Reviewer focus: Confirm that Kubernetes RBAC, network policies, resource quotas, and pod security contexts are in place and correctly scoped.

How to verify:

Review cluster role bindings for Union components:
```
kubectl get clusterrolebindings | grep union
```
Check network policies across namespaces:
```
kubectl get networkpolicies -A
```
Verify resource quotas:
```
kubectl get resourcequotas -A
```
Inspect pod security contexts:
```
kubectl get pods -n <namespace> -o jsonpath='{.items[0].spec.securityContext}'
```
Confirm runAsNonRoot: true or equivalent non-root settings on platform pods.

Container security

Reviewer focus: Confirm that image builds execute entirely within the customer’s infrastructure and that built images never leave the customer’s registry.

How to verify:

Trigger an image build by submitting a workflow with an Image specification.
Observe the build pod:
```
kubectl get pods -n union | grep build
kubectl logs <buildkit-pod> -n union
```
Confirm that the build pulls base images from the customer’s configured registry and pushes the result to the customer’s container registry.
Verify the image in the customer’s registry:
```
aws ecr describe-images --repository-name <repo> --image-ids imageTag=<tag>
```
(Or the equivalent gcloud / az command for GCP/Azure.)

IAM and workload identity

Reviewer focus: Confirm that the two IAM roles exist with the documented permissions, that workload identity federation is in use, and that no static credentials are present.

How to verify:

Inspect the IAM roles and their policies:

        
    
aws iam get-role --role-name adminflyterole
aws iam list-role-policies --role-name adminflyterole
aws iam list-attached-role-policies --role-name adminflyterole

aws iam get-role --role-name userflyterole
aws iam list-role-policies --role-name userflyterole
aws iam list-attached-role-policies --role-name userflyterole

Confirm that adminflyterole has object store, secrets manager, and log access. Confirm that userflyterole has only object store access.

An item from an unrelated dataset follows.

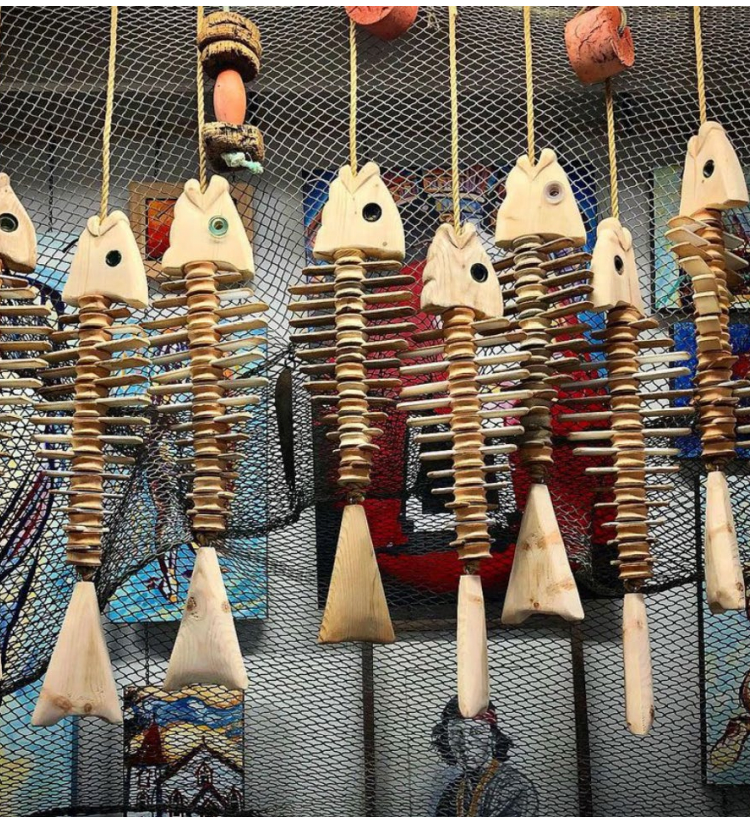 BizArtsNL's tweet photo. Looking for some awesome #NL holiday gifts? We've got Nan blankets, pillows &amp; ornaments from Logy Made; wooden "Moratorium Cod" art from @Irishfun3; NL coin jewellery from ArtBonavista; hand-knit socks &amp; trigger mitts from @EweDesgnNL; &amp; more! #HandMade https://t.co/huP8HLgvTB https://t.co/zqfJpP8Z1w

Verify workload identity annotations on service accounts:
```
kubectl get sa -n union -o yaml | grep role-arn
```
Each service account should have an annotation binding it to the appropriate IAM role via IRSA (or the equivalent for GCP/Azure).
Confirm no static credentials exist:
```
kubectl get secrets -n union -o name | grep -i aws
```
There should be no secrets containing static AWS access keys. Workload identity federation eliminates the need for them.